The New 16-Cog, 512KB, 64 analog I/O Propeller Chip

12526283031144

Comments

  • potatoheadpotatohead Posts: 10,254
    edited 2014-04-14 00:07
    BTW: The assembler is simple and expressive enough for people to code directly in hex, mix mnemonic coding, labels, and whatever else they want to do together, in one nice file, specifying data in a lot of extremely easy and readable ways.

    That's fantastic! People can make the expression that makes the most sense to them at that time with no worries.
  • koehlerkoehler Posts: 598
    edited 2014-04-14 00:16
    I'll admit too having not done much assembler in a long time, however its nice to see D/S clearly incrementing.

    EDIT- nonsense removed.
  • Cluso99Cluso99 Posts: 18,069
    edited 2014-04-14 00:21
    potatohead,
    I think you are missing something...
               MOV     [ptr.D++],[ptr.S++]  
    becomes 2 instructions...
               ALTDS   D,#rrr_ddd_sss  
               MOV     0-0,0-0  
    so that a REP instruction is likely to cause the programmer to make a bug by forgetting the inserted instruction.
    You cannot perform MOVI/MOVD/MOVS to a hub instruction, only a cog instruction.
    
    But
    :_LoopS    REP     #count,#_LoopE-LoopS  
               MOV     [ptr.D++],[ptr.S++]  
               .. other code
    :_LoopE
    overcomes this problem. 
    
    BTW No compiler mod is required for this (the REP instruction I mean). It should handle the #_LoopE-LoopS AFAIK.
    So jmg and potatohead can have it whichever way they like.
  • jmgjmg Posts: 15,148
    edited 2014-04-14 00:25
    potatohead wrote: »
    Now instead of having three dead simple to understand instructions MOV, MOVI, MOVS, which by the way have about a decade of common and well understood use, you want to load it all up under MOV, which then becomes one harder to understand thing.

    - only I did not say anywhere that those opcodes would be removed, so your whole point is moot.
  • jmgjmg Posts: 15,148
    edited 2014-04-14 00:31
    Cluso99 wrote: »
    BTW No compiler mod is required for this (the REP instruction I mean). It should handle the #_LoopE-LoopS AFAIK.
    So jmg and potatohead can have it whichever way they like.

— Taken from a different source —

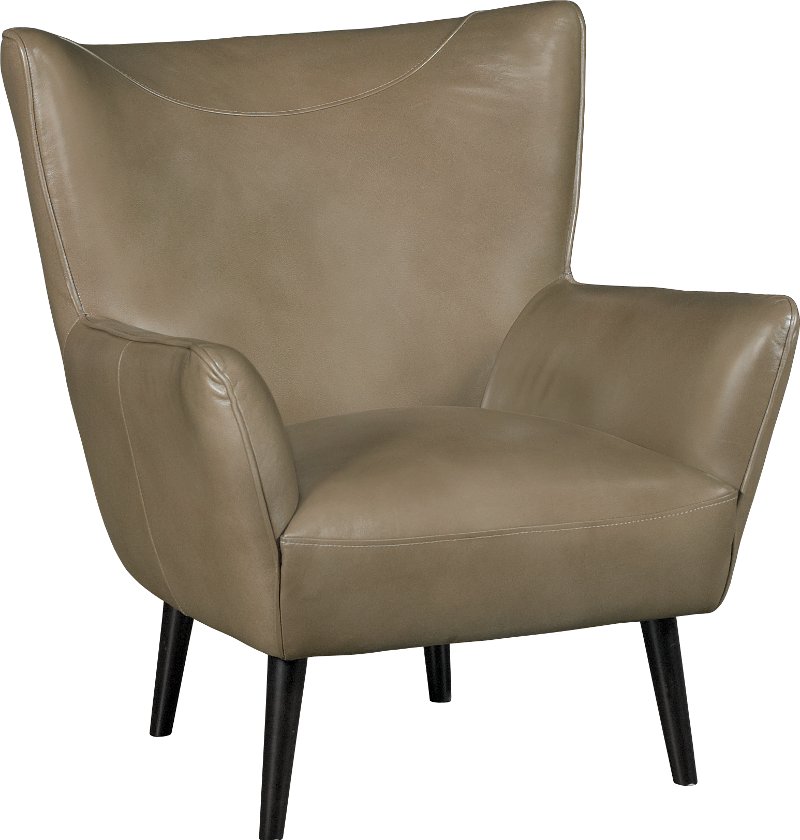 Mink Light Brown Leather Match Wing Back Accent Chair Jet Rc Mink Light Brown Leather Match Wing Back Accent Chair Jet Rc Willey Furniture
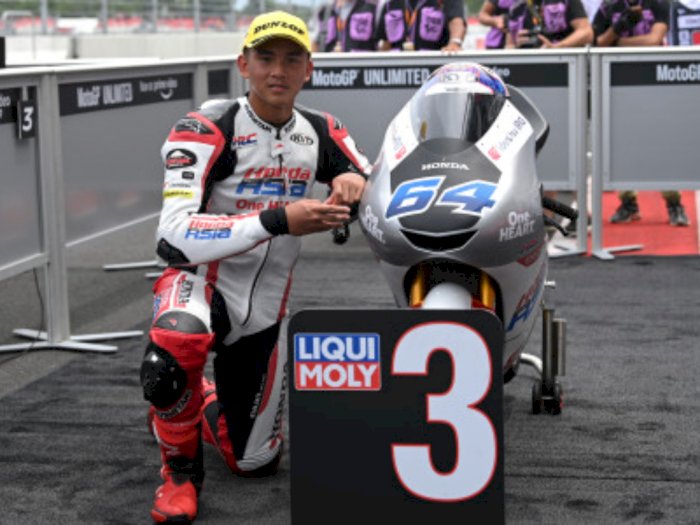 Moto3 Mandalika 2022: Mario Aji Kunci Start Baris Terdepan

    In P2 there was a strict dictate of a preamble/pipeline delay, (unclear if that is still in P1+ ?)

    Which is why the dual label form, with labels at actual REP_start and REP_End allows the Assembler to context check the pgmr is meeting the 'fine print', without the pgmr having to remember all the fine print.
    (ie the trivial stuff, the PC should be doing )

    Importantly, those simplest of edits, of insert/remove/comment lines are safe to do.
  • BaggersBaggers Posts: 3,019
    edited 2014-04-14 02:15
    :_LoopS    REP     #count,#_LoopE - _LoopS  
               MOV     [ptr.D++],[ptr.S++]  
              add mode code
    :_LoopE
    

    This surely gives #2 ( + size of add more code ) for the rep instruction count.

    I would have done...
        REP #count,#_LoopE - _LoopS
    :_LoopS
        MOV [ptr.D++],[ptr.S++]
        add mode code
    :_LoopE
    

    This would give #1 ( + size of add more code ) for the rep instruction count
  • LoopyBytelooseLoopyByteloose Posts: 12,537
    edited 2014-04-14 02:23
    Dave Hein wrote: »
    Loopy, I think most of us need the OBEX. If you really want to kill P1+ just tell everybody they have to program it in Forth. I do plan on porting pfth or Fast to the P1+, but I view that as more of an academic exercise. The real work will be done in Spin, C and PASM.

    Noted, but I have all along thought that Forth would provide a lot of users with useful understanding of the new Propeller.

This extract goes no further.